WORK TO BE COMPLETED: From the line below that contains "๐ฆHouse Available for" to the line that contains "Longaberger J.W. Mini", repeat every line exactly, both ends included, and nothing else.

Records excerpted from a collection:
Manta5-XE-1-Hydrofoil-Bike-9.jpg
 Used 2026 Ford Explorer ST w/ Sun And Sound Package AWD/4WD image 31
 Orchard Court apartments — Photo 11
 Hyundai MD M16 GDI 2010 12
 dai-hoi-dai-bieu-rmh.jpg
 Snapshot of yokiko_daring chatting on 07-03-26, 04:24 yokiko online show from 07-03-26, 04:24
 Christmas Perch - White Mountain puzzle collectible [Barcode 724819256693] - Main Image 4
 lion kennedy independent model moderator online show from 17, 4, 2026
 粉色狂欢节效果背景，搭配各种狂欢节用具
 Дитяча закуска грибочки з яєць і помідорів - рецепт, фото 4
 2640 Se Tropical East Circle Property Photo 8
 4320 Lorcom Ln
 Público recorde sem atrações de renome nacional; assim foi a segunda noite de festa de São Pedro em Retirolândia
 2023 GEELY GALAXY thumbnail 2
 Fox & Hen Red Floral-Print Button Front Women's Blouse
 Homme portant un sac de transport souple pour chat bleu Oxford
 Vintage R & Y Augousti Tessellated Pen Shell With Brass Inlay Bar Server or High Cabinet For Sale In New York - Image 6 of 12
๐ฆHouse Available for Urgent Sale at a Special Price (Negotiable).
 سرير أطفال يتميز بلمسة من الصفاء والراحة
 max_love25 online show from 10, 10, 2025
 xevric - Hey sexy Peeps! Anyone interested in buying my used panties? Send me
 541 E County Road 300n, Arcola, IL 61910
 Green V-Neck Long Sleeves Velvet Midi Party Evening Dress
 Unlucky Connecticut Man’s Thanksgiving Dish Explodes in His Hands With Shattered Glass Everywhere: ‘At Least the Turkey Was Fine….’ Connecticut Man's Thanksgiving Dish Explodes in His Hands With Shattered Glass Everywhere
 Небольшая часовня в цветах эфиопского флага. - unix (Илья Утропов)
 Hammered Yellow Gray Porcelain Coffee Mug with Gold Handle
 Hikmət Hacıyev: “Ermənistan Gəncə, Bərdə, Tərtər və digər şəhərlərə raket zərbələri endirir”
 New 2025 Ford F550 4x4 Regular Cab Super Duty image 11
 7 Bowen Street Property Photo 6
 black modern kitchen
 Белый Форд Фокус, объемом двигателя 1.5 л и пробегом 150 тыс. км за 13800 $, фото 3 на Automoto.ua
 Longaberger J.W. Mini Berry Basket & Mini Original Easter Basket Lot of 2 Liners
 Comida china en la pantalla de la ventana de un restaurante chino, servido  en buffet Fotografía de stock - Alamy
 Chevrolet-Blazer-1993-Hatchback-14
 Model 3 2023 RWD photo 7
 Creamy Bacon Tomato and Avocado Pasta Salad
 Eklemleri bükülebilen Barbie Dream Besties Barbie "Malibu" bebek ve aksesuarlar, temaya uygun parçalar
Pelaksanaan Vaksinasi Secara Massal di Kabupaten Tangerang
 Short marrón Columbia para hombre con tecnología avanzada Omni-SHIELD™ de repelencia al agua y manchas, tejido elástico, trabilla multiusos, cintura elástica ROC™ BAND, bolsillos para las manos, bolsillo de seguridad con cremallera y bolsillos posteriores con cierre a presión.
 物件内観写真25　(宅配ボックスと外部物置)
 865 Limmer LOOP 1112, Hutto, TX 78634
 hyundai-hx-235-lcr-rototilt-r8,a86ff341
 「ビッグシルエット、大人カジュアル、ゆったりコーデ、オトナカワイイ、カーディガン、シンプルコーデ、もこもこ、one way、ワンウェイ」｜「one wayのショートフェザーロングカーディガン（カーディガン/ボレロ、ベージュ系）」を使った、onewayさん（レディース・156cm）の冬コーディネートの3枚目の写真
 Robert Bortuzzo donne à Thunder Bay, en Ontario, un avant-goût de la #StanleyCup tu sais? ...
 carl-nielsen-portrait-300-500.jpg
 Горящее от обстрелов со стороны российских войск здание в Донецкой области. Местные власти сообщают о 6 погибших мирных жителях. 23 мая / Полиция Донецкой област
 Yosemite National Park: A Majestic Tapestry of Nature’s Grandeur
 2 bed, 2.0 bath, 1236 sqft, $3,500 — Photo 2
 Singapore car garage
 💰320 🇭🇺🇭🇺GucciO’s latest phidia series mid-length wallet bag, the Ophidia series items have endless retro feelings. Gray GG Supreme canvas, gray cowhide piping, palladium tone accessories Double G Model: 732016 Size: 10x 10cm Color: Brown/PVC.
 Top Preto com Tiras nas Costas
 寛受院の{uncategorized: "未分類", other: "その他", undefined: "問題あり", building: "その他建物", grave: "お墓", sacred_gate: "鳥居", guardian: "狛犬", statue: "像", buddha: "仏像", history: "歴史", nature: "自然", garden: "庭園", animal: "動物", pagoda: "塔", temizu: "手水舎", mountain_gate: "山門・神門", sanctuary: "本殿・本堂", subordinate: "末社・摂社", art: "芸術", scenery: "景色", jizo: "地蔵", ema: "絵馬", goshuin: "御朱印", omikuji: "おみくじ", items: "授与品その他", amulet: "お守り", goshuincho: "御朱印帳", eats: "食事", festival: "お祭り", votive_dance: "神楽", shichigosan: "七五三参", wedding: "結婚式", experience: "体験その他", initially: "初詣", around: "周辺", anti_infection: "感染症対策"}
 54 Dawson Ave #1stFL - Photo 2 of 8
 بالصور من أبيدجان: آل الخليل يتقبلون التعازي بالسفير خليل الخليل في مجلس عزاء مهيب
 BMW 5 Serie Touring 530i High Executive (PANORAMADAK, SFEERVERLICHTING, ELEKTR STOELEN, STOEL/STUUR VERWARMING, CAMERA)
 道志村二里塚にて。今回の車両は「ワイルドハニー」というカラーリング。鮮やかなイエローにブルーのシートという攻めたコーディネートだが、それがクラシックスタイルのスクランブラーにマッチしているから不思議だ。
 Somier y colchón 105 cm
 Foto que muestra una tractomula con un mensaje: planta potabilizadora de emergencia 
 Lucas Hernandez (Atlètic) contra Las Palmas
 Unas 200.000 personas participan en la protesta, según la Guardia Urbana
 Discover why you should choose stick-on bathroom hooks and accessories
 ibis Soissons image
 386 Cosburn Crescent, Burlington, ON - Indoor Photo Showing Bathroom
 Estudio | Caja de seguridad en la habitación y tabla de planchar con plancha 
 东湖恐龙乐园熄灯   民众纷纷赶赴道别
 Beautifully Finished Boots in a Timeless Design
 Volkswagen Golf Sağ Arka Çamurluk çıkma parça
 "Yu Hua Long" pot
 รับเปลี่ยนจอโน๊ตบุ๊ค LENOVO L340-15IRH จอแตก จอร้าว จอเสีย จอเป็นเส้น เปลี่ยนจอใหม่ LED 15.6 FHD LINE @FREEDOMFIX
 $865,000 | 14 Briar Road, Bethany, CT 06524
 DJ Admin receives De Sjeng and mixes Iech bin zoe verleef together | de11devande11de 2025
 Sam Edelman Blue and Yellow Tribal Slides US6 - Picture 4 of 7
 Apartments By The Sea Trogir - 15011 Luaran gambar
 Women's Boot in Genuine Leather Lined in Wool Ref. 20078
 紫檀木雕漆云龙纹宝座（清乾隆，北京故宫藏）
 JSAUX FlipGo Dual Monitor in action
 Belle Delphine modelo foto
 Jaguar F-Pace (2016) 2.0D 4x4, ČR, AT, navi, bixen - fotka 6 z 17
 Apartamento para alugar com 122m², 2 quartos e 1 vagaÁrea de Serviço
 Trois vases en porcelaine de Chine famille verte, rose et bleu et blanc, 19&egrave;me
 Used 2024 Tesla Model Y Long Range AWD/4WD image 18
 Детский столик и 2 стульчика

RESPONSE:
๐ฆHouse Available for Urgent Sale at a Special Price (Negotiable).
 سرير أطفال يتميز بلمسة من الصفاء والراحة
 max_love25 online show from 10, 10, 2025
 xevric - Hey sexy Peeps! Anyone interested in buying my used panties? Send me
 541 E County Road 300n, Arcola, IL 61910
 Green V-Neck Long Sleeves Velvet Midi Party Evening Dress
 Unlucky Connecticut Man’s Thanksgiving Dish Explodes in His Hands With Shattered Glass Everywhere: ‘At Least the Turkey Was Fine….’ Connecticut Man's Thanksgiving Dish Explodes in His Hands With Shattered Glass Everywhere
 Небольшая часовня в цветах эфиопского флага. - unix (Илья Утропов)
 Hammered Yellow Gray Porcelain Coffee Mug with Gold Handle
 Hikmət Hacıyev: “Ermənistan Gəncə, Bərdə, Tərtər və digər şəhərlərə raket zərbələri endirir”
 New 2025 Ford F550 4x4 Regular Cab Super Duty image 11
 7 Bowen Street Property Photo 6
 black modern kitchen
 Белый Форд Фокус, объемом двигателя 1.5 л и пробегом 150 тыс. км за 13800 $, фото 3 на Automoto.ua
 Longaberger J.W. Mini Berry Basket & Mini Original Easter Basket Lot of 2 Liners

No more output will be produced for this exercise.